Record excerpts:
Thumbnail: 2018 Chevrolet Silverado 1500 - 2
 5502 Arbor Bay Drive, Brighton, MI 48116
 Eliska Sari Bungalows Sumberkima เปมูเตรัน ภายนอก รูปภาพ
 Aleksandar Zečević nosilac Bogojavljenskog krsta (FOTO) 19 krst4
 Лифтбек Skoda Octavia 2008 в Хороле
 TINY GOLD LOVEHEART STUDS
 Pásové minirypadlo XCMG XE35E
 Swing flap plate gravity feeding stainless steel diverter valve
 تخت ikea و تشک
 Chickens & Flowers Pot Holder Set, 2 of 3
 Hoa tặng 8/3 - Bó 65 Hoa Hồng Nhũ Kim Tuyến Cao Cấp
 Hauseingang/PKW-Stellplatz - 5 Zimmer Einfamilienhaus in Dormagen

Task objective: Retype every line of the listing above exactly as given.

Response area:
Thumbnail: 2018 Chevrolet Silverado 1500 - 2
 5502 Arbor Bay Drive, Brighton, MI 48116
 Eliska Sari Bungalows Sumberkima เปมูเตรัน ภายนอก รูปภาพ
 Aleksandar Zečević nosilac Bogojavljenskog krsta (FOTO) 19 krst4
 Лифтбек Skoda Octavia 2008 в Хороле
 TINY GOLD LOVEHEART STUDS
 Pásové minirypadlo XCMG XE35E
 Swing flap plate gravity feeding stainless steel diverter valve
 تخت ikea و تشک
 Chickens & Flowers Pot Holder Set, 2 of 3
 Hoa tặng 8/3 - Bó 65 Hoa Hồng Nhũ Kim Tuyến Cao Cấp
 Hauseingang/PKW-Stellplatz - 5 Zimmer Einfamilienhaus in Dormagen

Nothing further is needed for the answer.